Mia madre allora mentì sulla mia età. Il film - uscito circa tre anni prima - era vietato ai minori di quattordici anni e io non li avevo ancora compiuti, anche se mancava poco. Strano, perché tuttora farebbe carte false pur di dimostrare che ne ho dodici. Scene di sesso, di amanti clandestini, rapporti anagraficamente sbilanciati, film scandaloso (e forse, più di tutto, per l'embrione di ribellismo che conteneva in sé), insomma. Di quelli che, oggi, se lo fai vedere a un bambino delle elementari, quello ti guarderà deluso e irridente e commenterà: "Tutto qui?" Per poi passare all'attacco e chiederti per quale ragione di questo film non ci sia traccia nel capitolo del libro di storia riguardante il pleistocene.
E pleistocene, roba d'antan che fa sorridere - pindaricamente trasvolando dal cinema alla cultura o, più modestamente, al grado di istruzione degli italiani -, oggi appare "Io speriamo che me la cavo", summa dell'ignoranza di bambini delle elementari geograficamente limitata alla provincia campana, frutto di emarginazioni e ritardi economici, messa su carta vent'anni fa dal maestro Marcello D'Orta, testimone oculare e (povero lui!) uditivo.
Oggi, vent'anni dopo, l'ignoranza in Italia ha allargato i suoi confini a tutto il territorio nazionale e a tutti gli strati sociali ed è cresciuta: ha finito le elementari, ha fatto le medie inferiori e superiori, si è iscritta all'università.
Se n'è parlato qualche sera fa a Catania durante la presentazione del libro "Leggere, pensare, scrivere, cliccare" di Graziella Priulla che ha raccontato alcuni "nanetti" (giusto per adeguarmi al tema) della sua carriera di docente universitaria alle prese con giovani-adulti, ma anche professionisti o informatici superspecializzati, elettori dunque (e non c'è bisogno qui di spiegare quanto male faccia l'ignoranza alla democrazia), incapaci di distinguere una parola dall'altra.

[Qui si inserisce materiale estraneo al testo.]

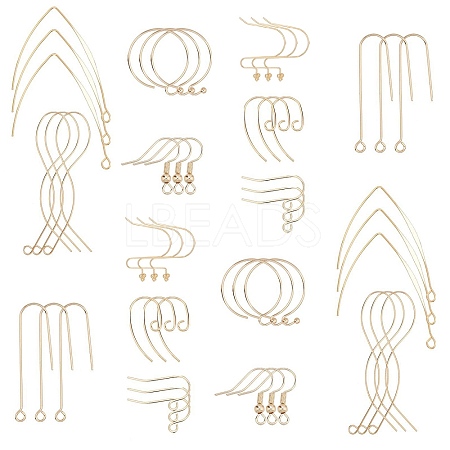 Brass Earring Hooks KK-SC0001-43G-1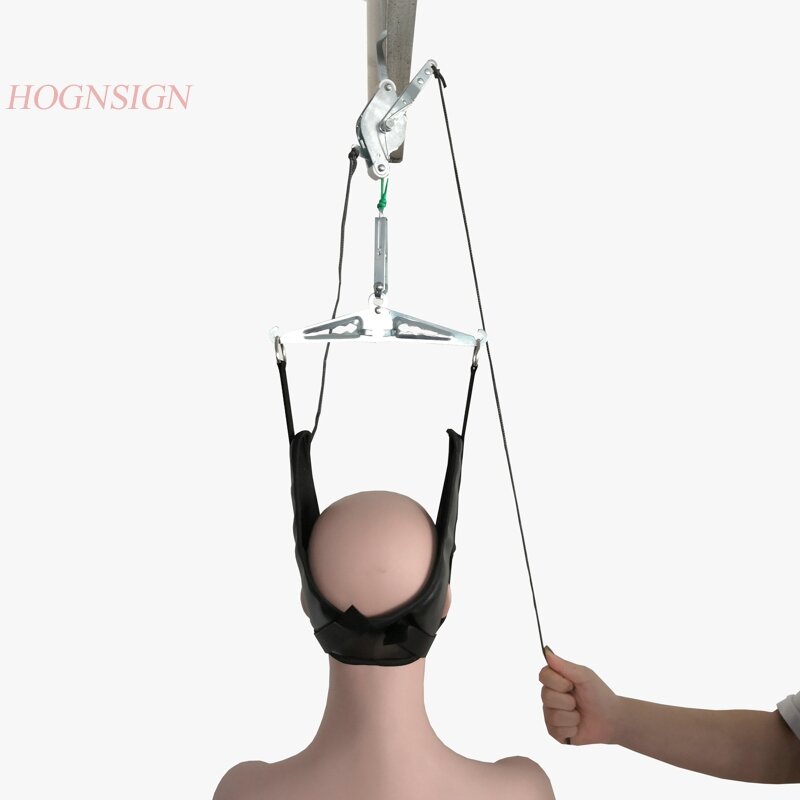 Dispositivi di allungamento del collo di alta qualità copricapo elastico cervicale trattore domestico strumento di allungamento del Cervix strumento di cura del massaggio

"Uno sfogo, una biografia culturale", partita "dall'esperienza di docente" ma anche "dall'indignazione di cittadina", ha definito il suo libro Graziella Priulla, pur avendolo corredato di dati e ricerche scientifiche. E forse sono proprio gli esempi portati, quegli aneddoti che farebbero ridere se non ci fosse da piangere, a dare la misura - più dei numeri - della gravità della situazione. Priulla ha parlato degli "strafalcioni" nei concorsi per la magistratura", di presidi che scrivono "l'aradio", di laureati che non sanno compilare un modulo all'ufficio di collocamento, di studenti universitari (e i suoi sono iscritti a Scienze politiche!) che non sanno dare un significato ai termini "devolution", "Camera e Senato", "bicameralismo".

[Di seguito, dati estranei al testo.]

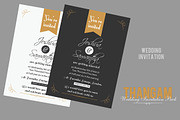 Thangam Wedding Invitation Pack, an Invitation Template by Niram Factory (Thumbnail 2 of 5)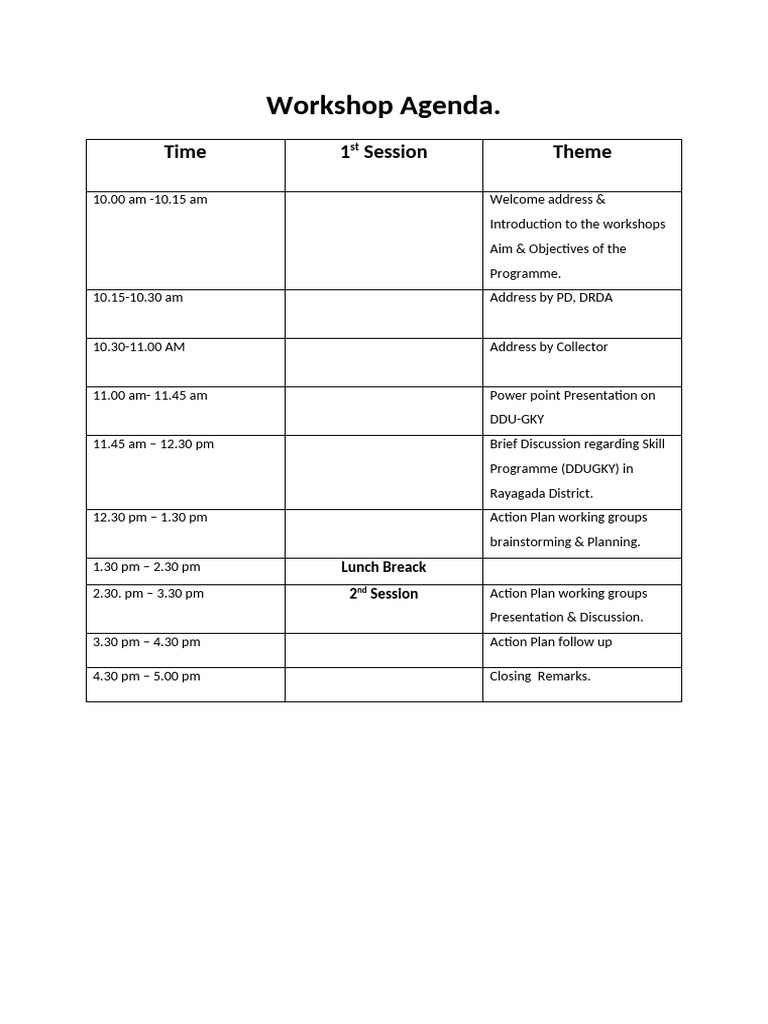 28th Workshop Agenda | PDF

Ha raccontato di uno studente che, alla domanda se l'Italia sia una repubblica o una monarchia, ha risposto: "Non me lo ricordo: era nel programma dell'anno scorso".
Che poi, se fosse stato solo strafottente e non felicemente ignorante come una capra e quindi cretino, avrebbe potuto rispondere: "Una monarchia". E poi magari avere la furbizia di recuperare: "Sa, prof, mi sono confuso perché quando ho cominciato le elementari c'era lui, in prima media c'era lui, quando mi sono iscritto al liceo (o l'iceo?) c'era lui, quando mi sono innamorato per la prima volta c'era lui, quando ho dato il mio primo bacio c'era lui, quando ho fatto l'amore per la prima volta c'era lui, quando sono arrivato all'università c'era lui...ho creduto che fosse una monarchia".
Già, perché il problema è che negli ultimi vent'anni in Italia c'è stato Berlusconi, con il suo carico perverso di disvalori e le sue televisioni e i suoi tagli alla cultura, con il suo osceno progetto che, insieme al "depauperamento delle parole" - ha spiegato la docente - porta con sé il "depauperamento del pensiero": perché "a qualcuno fa comodo che gli Italiani non distinguano fra prescrizione e assoluzione".
Sicché capita (non a caso) che dalle scuole italiane si tolga lo studio del diritto e dell'economia, magari sostituendoli in Lombardia (grazie a un accordo fra la pessima Gelmini e l'orrido La Russa) con corsi di addestramento militare, e che in Sicilia si imponga lo studio del dialetto come lingua. Obiettivo "visibile", per Graziella Priulla, lo "sdoganamento dell'ignoranza".